Examples of Graphs
A line graph is most useful in displaying data or information that changes continuously over time. The example below shows the changes in the temperature over a week in January. Notice that the title of the graph is “Average Daily Temperature for January 1-7 in degrees Fahrenheit”.
To the left is a table that shows the date in one column and the corresponding temperature in the second column. The line graph on the right shows the degrees of temperature going up the vertical axis (up and down numbers on the left of the graph) and the days of the week on the horizontal axis (going sideways from left to right). The points for the temperature for each day are connected by a line – thus the graph is a line graph.

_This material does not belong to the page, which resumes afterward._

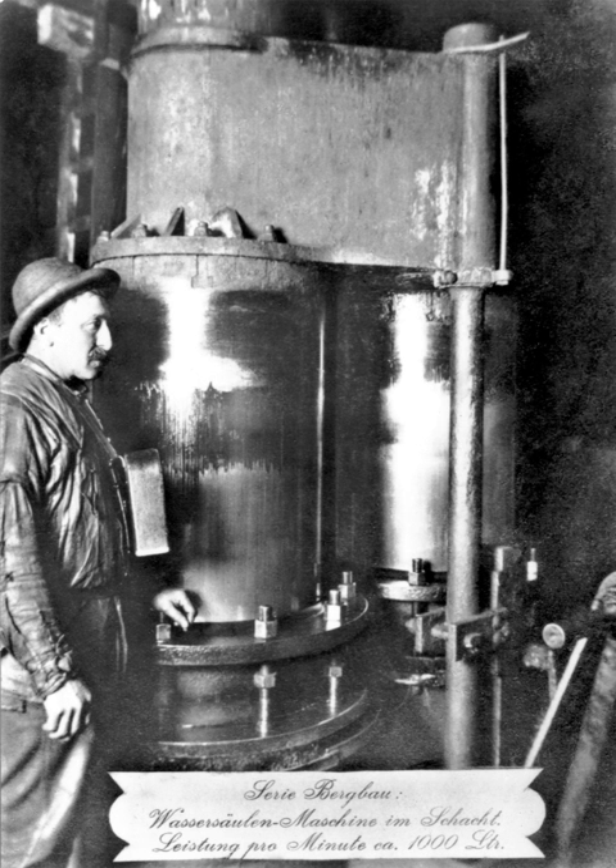Closing a valve too quickly can cause very large pressures to result and pipework to explode. In addition to valves designed to close slowly, many water engines used air chambers to provide some absorption of force by compressing the air in them.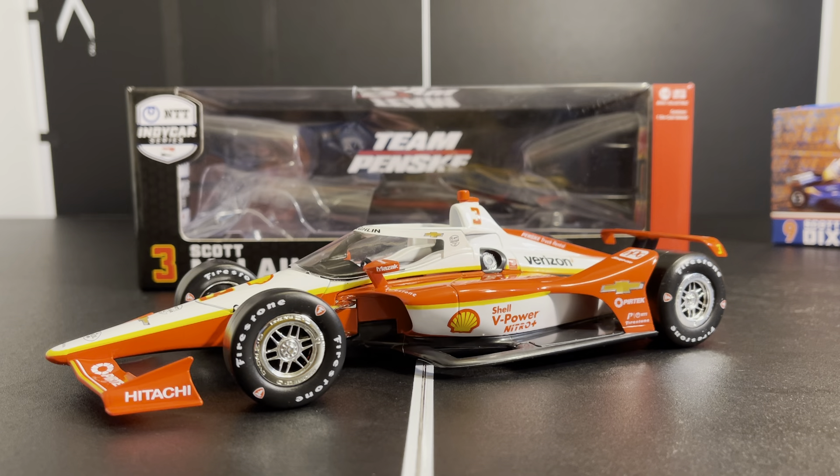Today we have another diecast review — Scott McLaughlin's 2020 Shell V-Power Nitro Plus IndyCar in 1:18 scale by Greenlight Collectibles. This one is a little interesting because it's a 2021 release that comes in a 2020-style box, which is strange — the box is even branded as 2021. This car has only run twice: once in racing and once in practice or testing.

Average Daily Temperature for January 1-7 in Degrees Fahrenheit
Bar graphs are an excellent way to show results that are one time, that aren’t continuous – especially samplings such as surveys, inventories, etc. Below is a typical survey asking students about their favorite after school activity. Notice that in this graph each column is labeled – it is also possible to label the category to the left of the bar. In this case, the numbers for each category are across the bottom of the chart.
A bar chart is marked off with a series of lines called grid lines. These lines typically mark off a numerical point in the series of numbers on the axis or line. In this case, each grid line going up and down marks a multiple of 20 as the graph is divided. More gridlines can make it easier to be exact with the amounts being shown on the bar graph, but too many can make it confusing. Notice that for data that does not fall evenly on a multiple of 20, the bar is in between two grid lines. Bar graphs are useful to get an overall idea of trends in responses – which categories get many versus few responses.
Favorite Student After School Activity
Circle or pie graphs are particularly good illustrations when considering how many parts of a whole are inception. In the table below both the number of hours in a whole day devoted to certain activities is listed as well as the percent of time for each of these activities. The pie chart is then divided very much as a baker’s pie would be into slices that represent the proportional amounts of time spent on each activity.
To the right of the pie chart is a legend that tells which color stands for which category. In addition, the percents are also near the pie slice that stands for that particular amount of time spent.